- **WHAT YOU HAVE TO DO**: Scan the records below for the line containing "Dame in de tuin | Poster" and the line containing "Sapatilhas Tommy Hilfiger". Copy both, plus every line between, exactly.

- **GIVEN DATA**:
○ ○ ○ ○ ○ ○ ○

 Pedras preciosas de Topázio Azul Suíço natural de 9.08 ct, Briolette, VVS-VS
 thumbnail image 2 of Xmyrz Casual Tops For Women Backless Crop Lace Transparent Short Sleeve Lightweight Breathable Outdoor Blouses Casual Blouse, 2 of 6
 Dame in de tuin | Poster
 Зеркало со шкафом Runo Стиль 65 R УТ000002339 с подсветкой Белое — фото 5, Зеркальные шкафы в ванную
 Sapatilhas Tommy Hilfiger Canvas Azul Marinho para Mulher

○ ○ ○ ○ ○ ○ ○

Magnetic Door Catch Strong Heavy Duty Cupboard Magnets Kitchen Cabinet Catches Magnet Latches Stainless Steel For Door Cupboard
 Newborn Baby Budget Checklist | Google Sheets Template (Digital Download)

○ ○ ○ ○ ○ ○ ○

- **EXPECTED ANSWER**:
 Dame in de tuin | Poster
 Зеркало со шкафом Runo Стиль 65 R УТ000002339 с подсветкой Белое — фото 5, Зеркальные шкафы в ванную
 Sapatilhas Tommy Hilfiger Canvas Azul Marinho para Mulher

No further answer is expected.